In [None]:
# Install dependencies
!pip install pytesseract pdf2image opencv-python-headless

import os
import cv2
import pytesseract
import numpy as np
import json
from PIL import Image
from pdf2image import convert_from_path
from google.colab import drive

In [None]:
#  Mount Google Drive
drive.mount('/content/drive')

#  Folder where your PDFs are stored in Drive
pdf_folder = "/content/drive/MyDrive/OCR_PDFs"   # <-- Change this to your folder path
output_folder = "/content/drive/MyDrive/OCR_Results"
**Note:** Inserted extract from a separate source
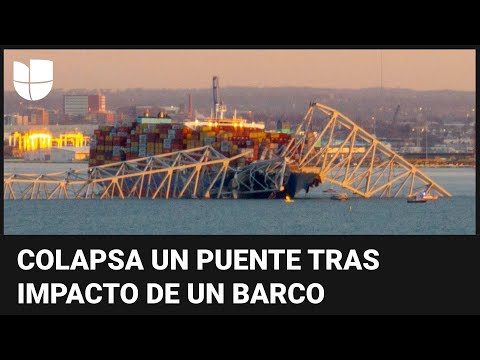 En un minuto: Colapsa un puente en Baltimore tras ser impactado por un barco de carga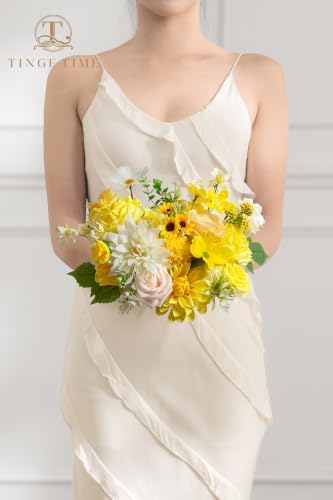 TINGE TIME Artificial Flowers Combo, Rose Dahlia Yellow Wedding Flowers - Image 6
# Make sure output folder exists
os.makedirs(output_folder, exist_ok=True)

In [None]:
#  Preprocessing function
def preprocess_image(img_path):
    img = cv2.imread(img_path, cv2.IMREAD_GRAYSCALE)
    # Binarize using Otsu thresholding
    img = cv2.threshold(img, 0, 255, cv2.THRESH_BINARY + cv2.THRESH_OTSU)[1]
    # Denoise
    img = cv2.fastNlMeansDenoising(img, h=30)
    # Deskew
    coords = np.column_stack(np.where(img > 0))
    angle = cv2.minAreaRect(coords)[-1]
    if angle < -45:
        angle = -(90 + angle)
    else:
        angle = -angle
    (h, w) = img.shape[:2]
    M = cv2.getRotationMatrix2D((w // 2, h // 2), angle, 1.0)
    img = cv2.warpAffine(img, M, (w, h), flags=cv2.INTER_CUBIC, borderMode=cv2.BORDER_REPLICATE)
    return img

In [None]:
#  Loop through all PDFs in the folder
for pdf_file in os.listdir(pdf_folder):
    if not pdf_file.lower().endswith(".pdf"):
        continue

    pdf_path = os.path.join(pdf_folder, pdf_file)
    pdf_name = os.path.splitext(pdf_file)[0]
    print(f"\n Processing PDF: {pdf_file}")

    # Convert PDF to images
    pages = convert_from_path(pdf_path, dpi=300)

    results = {}

    for i, page in enumerate(pages):
        img_path = f"/content/page_{i+1}.png"
        page.save(img_path, "PNG")

        print(f"    Page {i+1}/{len(pages)}...")

        # Preprocess
        proc_img = preprocess_image(img_path)
        cv2.imwrite(f"/content/preproc_{i+1}.png", proc_img)

        # Run Tesseract OCR
        tess_text = pytesseract.image_to_string(proc_img)

        # Save results
        results[f"Page_{i+1}"] = {
            "Tesseract": tess_text.strip()
        }

    # Save results JSON in Drive
    output_path = os.path.join(output_folder, f"{pdf_name}_ocr_results.json")
    with open(output_path, "w", encoding="utf-8") as f:
        json.dump(results, f, indent=4, ensure_ascii=False)

    print(f"    Saved: {output_path}")

print("\n All PDFs processed! JSONs saved in:", output_folder)